Friday, April 18, 2014

Sometimes it's while you sleep.

The crazy thing about dreaming is that even when you know you're in them, your feelings are all the more intense because you know there are no real world consequences. And so you let yourself feel away.

I was terrified and I kept running. A mammoth of a hound-wolf hybrid was chasing me and he wasn't turning into Taylor Lautner. Sometimes they do that, you know? But not this creature. It chased me through a forest, and then it chased me through a theme park (which was actually quite creepy) and then somehow I was running through an idyllic meadow. Once I got to the meadow, Not-Taylor was gone. I had whipped around one last time to check and next thing I knew I had smashed into my true love. And he was lovely. And love was lovely. And he smiled and said that I was lovely. And I was about to tell him about this intense, instant and incredible moment- that I was so present and was he there with me? He was there with me, right?

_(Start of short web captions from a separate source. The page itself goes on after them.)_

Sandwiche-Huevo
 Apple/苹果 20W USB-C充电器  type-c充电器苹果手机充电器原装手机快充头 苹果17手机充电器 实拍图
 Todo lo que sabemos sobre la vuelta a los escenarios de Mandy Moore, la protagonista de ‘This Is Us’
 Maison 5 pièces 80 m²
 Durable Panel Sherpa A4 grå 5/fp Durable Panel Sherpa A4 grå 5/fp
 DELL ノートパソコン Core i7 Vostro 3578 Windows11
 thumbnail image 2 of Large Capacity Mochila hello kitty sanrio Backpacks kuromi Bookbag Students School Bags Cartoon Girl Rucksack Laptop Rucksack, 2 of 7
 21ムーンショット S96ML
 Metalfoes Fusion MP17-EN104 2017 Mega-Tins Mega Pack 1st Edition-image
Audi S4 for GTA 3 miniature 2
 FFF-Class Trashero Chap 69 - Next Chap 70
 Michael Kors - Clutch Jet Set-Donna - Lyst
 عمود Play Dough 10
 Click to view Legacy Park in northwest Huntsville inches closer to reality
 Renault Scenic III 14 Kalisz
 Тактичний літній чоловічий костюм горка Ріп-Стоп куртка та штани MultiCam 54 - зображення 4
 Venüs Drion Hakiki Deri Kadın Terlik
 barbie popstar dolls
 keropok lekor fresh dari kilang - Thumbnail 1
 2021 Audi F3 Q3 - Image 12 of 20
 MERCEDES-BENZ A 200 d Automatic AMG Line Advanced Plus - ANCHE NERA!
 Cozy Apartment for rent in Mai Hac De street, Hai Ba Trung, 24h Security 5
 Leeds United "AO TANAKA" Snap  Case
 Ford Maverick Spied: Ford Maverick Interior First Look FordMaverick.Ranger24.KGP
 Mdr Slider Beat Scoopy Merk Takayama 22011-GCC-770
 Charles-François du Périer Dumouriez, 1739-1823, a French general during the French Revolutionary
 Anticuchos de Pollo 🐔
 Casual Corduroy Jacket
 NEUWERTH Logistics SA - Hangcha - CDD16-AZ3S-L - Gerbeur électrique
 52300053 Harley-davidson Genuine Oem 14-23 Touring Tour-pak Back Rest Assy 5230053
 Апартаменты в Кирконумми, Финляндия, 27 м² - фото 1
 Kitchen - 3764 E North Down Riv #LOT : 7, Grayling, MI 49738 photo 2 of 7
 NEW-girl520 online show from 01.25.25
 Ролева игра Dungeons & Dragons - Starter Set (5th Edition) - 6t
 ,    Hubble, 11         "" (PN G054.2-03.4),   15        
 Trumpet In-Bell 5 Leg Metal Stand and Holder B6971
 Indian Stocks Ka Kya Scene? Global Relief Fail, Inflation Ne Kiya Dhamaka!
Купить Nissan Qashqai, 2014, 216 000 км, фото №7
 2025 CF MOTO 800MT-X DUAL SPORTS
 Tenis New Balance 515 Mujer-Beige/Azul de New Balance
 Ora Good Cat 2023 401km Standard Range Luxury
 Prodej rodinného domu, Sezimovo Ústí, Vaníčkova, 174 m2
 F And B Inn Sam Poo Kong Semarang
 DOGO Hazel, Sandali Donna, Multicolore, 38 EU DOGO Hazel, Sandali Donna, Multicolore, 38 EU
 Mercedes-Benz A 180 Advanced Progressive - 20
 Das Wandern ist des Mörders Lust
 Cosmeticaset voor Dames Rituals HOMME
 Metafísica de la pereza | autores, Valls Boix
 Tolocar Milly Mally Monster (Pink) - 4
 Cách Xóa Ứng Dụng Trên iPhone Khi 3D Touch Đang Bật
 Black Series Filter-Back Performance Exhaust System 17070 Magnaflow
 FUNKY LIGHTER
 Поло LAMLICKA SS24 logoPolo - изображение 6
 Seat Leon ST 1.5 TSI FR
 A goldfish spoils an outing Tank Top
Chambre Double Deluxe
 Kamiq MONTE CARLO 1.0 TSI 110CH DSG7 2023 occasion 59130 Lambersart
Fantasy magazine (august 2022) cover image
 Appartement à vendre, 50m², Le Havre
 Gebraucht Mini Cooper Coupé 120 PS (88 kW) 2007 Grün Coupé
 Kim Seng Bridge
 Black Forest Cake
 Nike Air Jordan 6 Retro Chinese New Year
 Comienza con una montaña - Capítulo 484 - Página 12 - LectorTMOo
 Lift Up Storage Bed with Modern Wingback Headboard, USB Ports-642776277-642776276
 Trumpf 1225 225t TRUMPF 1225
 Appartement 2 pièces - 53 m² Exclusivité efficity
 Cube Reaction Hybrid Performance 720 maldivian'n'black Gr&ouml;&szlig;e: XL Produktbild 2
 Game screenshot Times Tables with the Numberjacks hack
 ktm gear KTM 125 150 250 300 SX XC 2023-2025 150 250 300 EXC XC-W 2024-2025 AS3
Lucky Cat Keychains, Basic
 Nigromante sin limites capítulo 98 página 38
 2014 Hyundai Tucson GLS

Then I was back in my room. It was 6:50am and Erin and Mike were running their usual vacation contest and I had to be at work soon. But how could I when I was just in love mere seconds ago? How could I when that moment was so vivid in my mind. So I went back to sleep. I tried to see him again hoping that those feelings would somehow lead me back to him. I ended up late for work and I haven't seen my true love since.